Homeward Bound The steady wind built through the day. When we slipped within 200 miles of Block Island Sound, we were reaching at 6 knots. Mark reported that he’d jury-rigged a navigation light, and our confidence surged. By late afternoon, we were pushing 7 knots and hopeful that we’d outrun the gale’s stiffest sector, which was predicted to bring winds of up to 40 knots from the south. Jeff relayed the weather information to Caliente, and we advised her to reef before dark.
By 0300 the next day, the edge of the gale was pumping a welcome 25 knots from the port quarter. Simba climbed to hull speed, but Caliente toyed with us, sailing ahead three-quarters of a mile, then back to within 50 yards.

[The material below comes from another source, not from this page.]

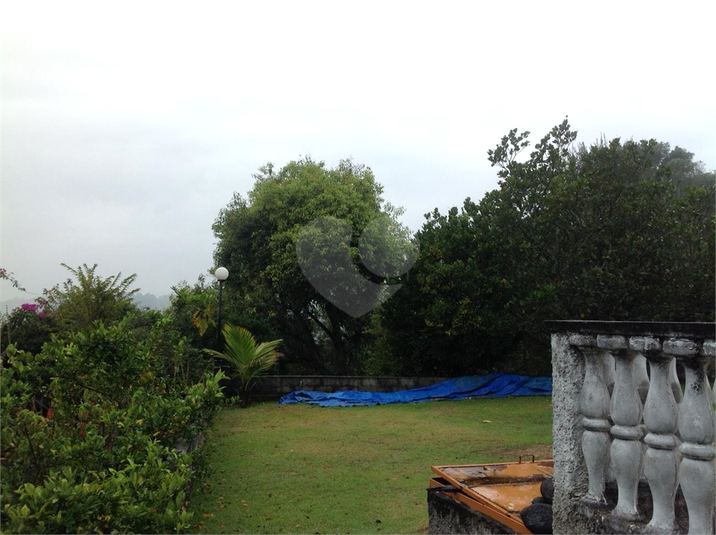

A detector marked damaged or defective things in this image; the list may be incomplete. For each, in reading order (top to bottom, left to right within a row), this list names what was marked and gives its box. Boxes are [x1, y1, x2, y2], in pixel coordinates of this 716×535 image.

orange rusted panel [430, 460, 552, 535] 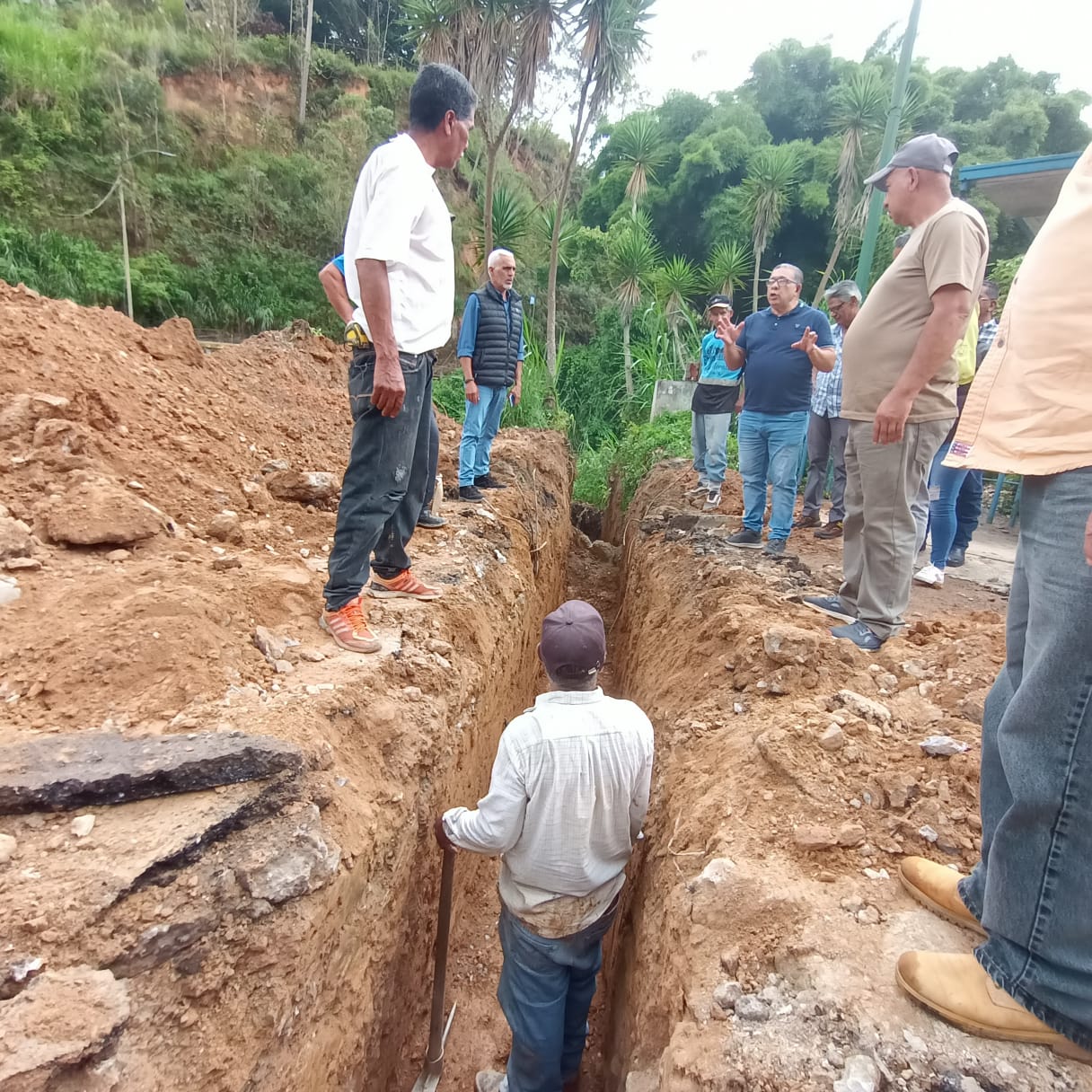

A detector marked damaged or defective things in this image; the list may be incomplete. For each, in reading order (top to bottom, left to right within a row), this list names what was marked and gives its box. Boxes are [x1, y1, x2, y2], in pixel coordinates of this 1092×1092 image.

broken asphalt slab [0, 729, 304, 816]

We rode this breeze into Long Island Sound and up to the fuel dock at Pilots Point Marina in Westbrook, Connecticut. Mark and Chris initiated a champagne shower over Simba’s crew in celebration. We were delirious, exhilarated, exhausted, and, most important, safe.
Steven J. Knapp lives with his wife and three teenage sons in Westport, Connecticut, where they’re members of the Saugatuk Yacht Club.